As shown below, net inflows have now occurred during three of the last four weeks for the SPDR Gold Shares ETF (GLD) and, given the relatively modest rise in price in recent weeks, this could be significant.
Over the last year, August was the only other occasion when similar gains were seen for GLD holdings and this occurred only at the very end of a nearly 20 percent move higher to over $1,400 an ounce.
With equity markets weak so far this year, it seems clear that U.S. investors have a renewed interest in gold. How long that lasts and if it intensifies are key questions.
Recall that GLD holdings are widely considered to be a solid gauge of investor sentiment in the West, but clearly a lagging indicator as shown in the chart.
The fact that there's not been much of a lag this time around could be quite important for any ongoing gold market rally in that already stressed physical markets could be further pressured if GLD inflows increase.
As for silver, the holdings for the popular iShares Silver Trust ETF (SLV) fell by 49 tonnes last week after rising by 66 tonnes the week prior. SLV holdings are now 87 tonnes higher than where they began the year as this ETF continues to see solid demand despite the metal coming up on the three-year anniversary of a record high near $50 an ounce, more than double its current price.
Markets in China, the world's largest gold consumer where the physical metal is much preferred over the paper variety, re-opened on Friday after a week-long Lunar New Year holiday and this contributed to the late-week move higher in metal prices. The Economic Times reported that gold premiums rose from $4 an ounce just prior to the holiday to $11 an ounce in Friday trading in a clear sign of strong ongoing physical demand.

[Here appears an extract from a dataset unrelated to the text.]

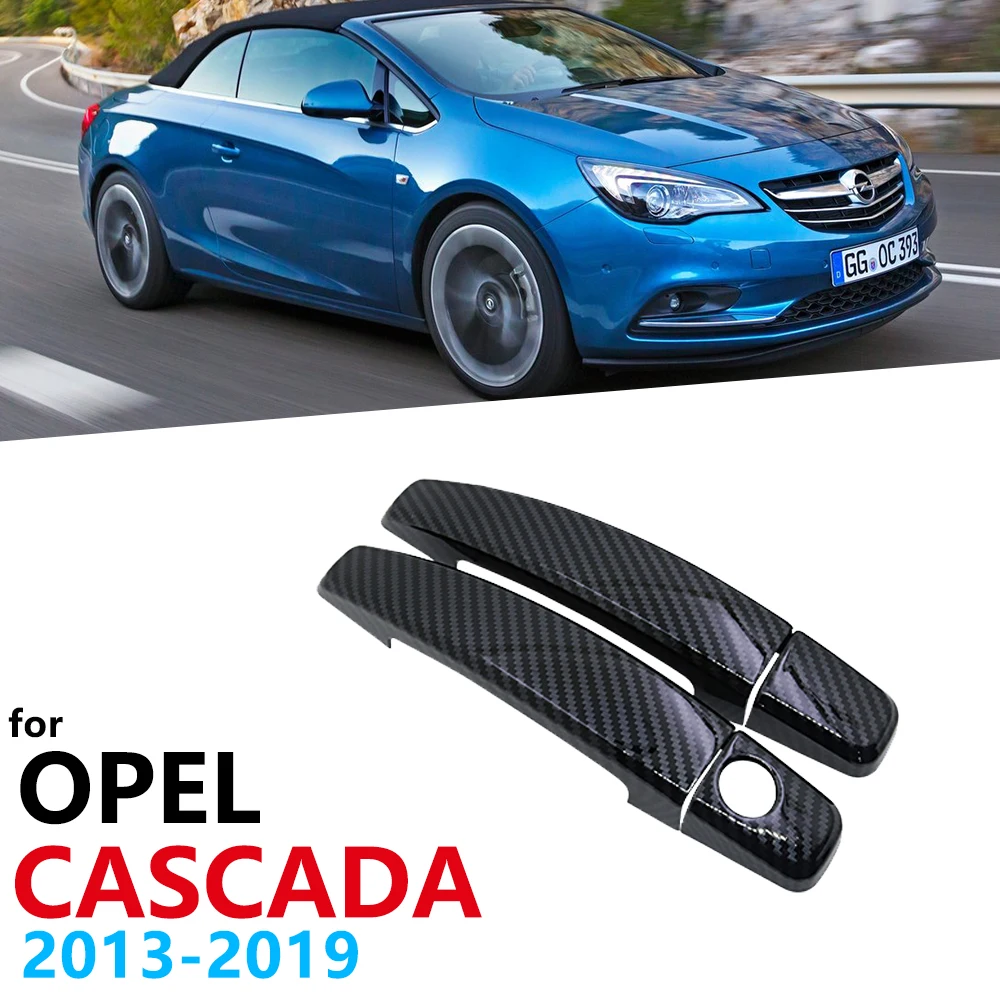 Lesklý Čierny Carbon Fiber Kľučky Dverí Kryt Výbava pre Opel Cascada Cabrio Buick Vauxhall 2013~2019 Auto Príslušenstvo Nálepky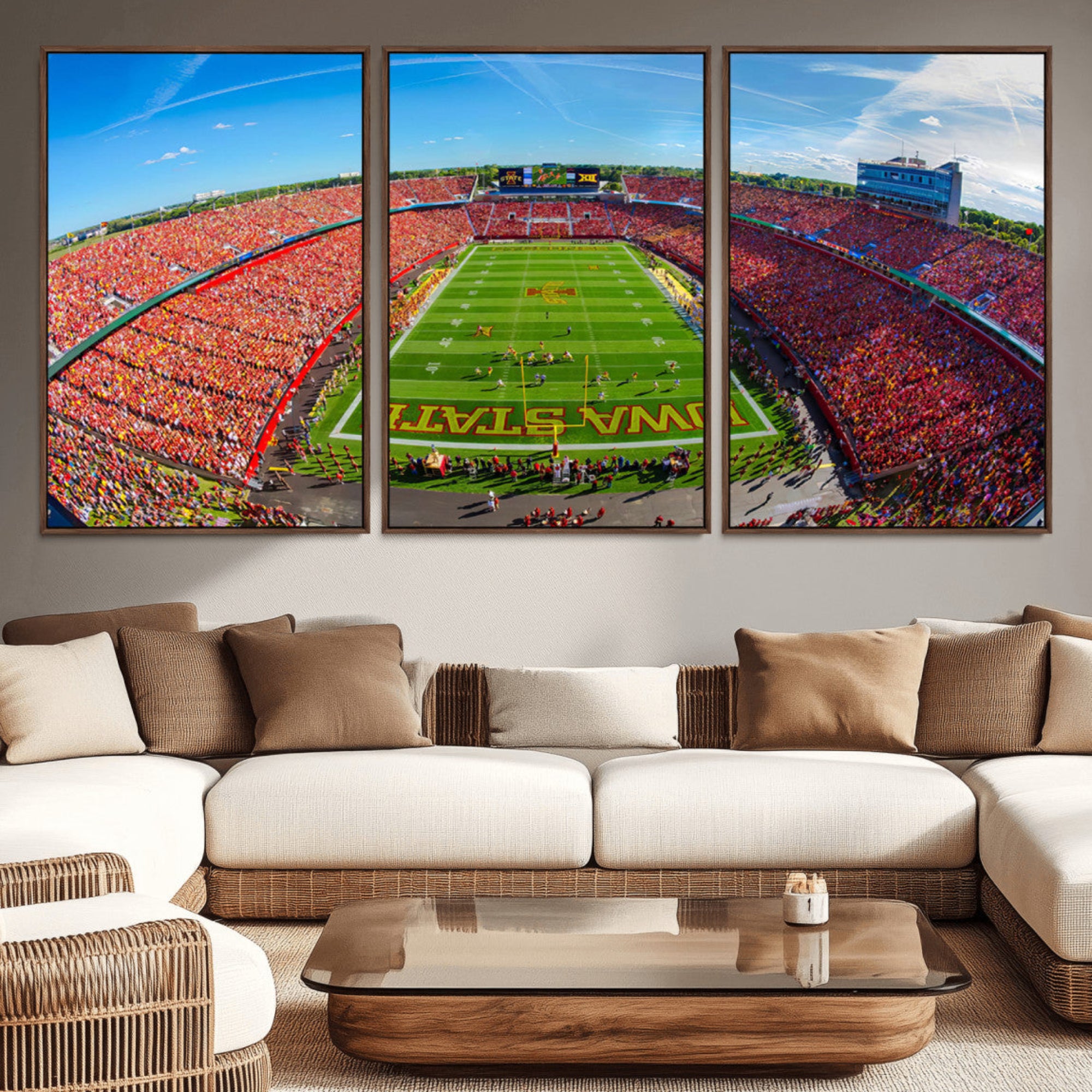 36706-MGV-CV-36X24-Iowa State University Cyclones Football Team Print - Ames Jack Trice Stadium Art Canvas Print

In India, following speculation that the government may relax gold import curbs after their trade deficit declined, Reuters reported that a finance official said they have no plans to roll back these measures. Gold premiums in India fell last week from about $80 an ounce to below $75, however, smuggled gold was said to be available at a premium of just $65 an ounce and this has been a rising source of gold supply into the country.
Back here in the U.S., CoinNews reported that sales of one-ounce gold coins rose to 4,755,000 in January, a total surpassed only three times before during January of the last three years - 7.5 million in 2013, 6.1 million in 2012, and 6.4 million in 2011. Demand for one-ounce silver coins was also strong, however, the U.S. Mint continues to ration these sales after record demand last year. Recall that U.S. coin sales normally surge in the beginning of the year when new issue coins are introduced, so, month-to-month changes at this time of year are almost meaningless.
Lastly, one of the more intriguing investment stories of the new year has been the stellar performance of gold and silver mining stocks that, after a horrendous few years of once unimaginable losses, are now up substantially in 2014. They have much ground to make up after their 2011-2013 performance, but gold stock funds such as the Market Vectors Gold Miners ETF (GDX) and the Market Vectors Junior Gold Miners ETF (GDXJ) are up an impressive 13 and 25 percent, respectively, after just five weeks of trading with many individual shares having risen by multiples.
Renewed interest in gold and silver mining stocks is surely a positive factor for the metals as the lack of confirmation from the equities portion of the precious metals market has been considered a negative factor for the price of the metals for some time.
What was notable about the relationship between gold and gold stocks last week was that, at the same time that Bank of America predicted the gold price would soon fall to $1,000 an ounce, the World Gold Council reiterated their view that gold prices below $1,200 an ounce would force production cutbacks that could reduce mine output substantially. One of these views is clearly wrong and my guess is it's the former.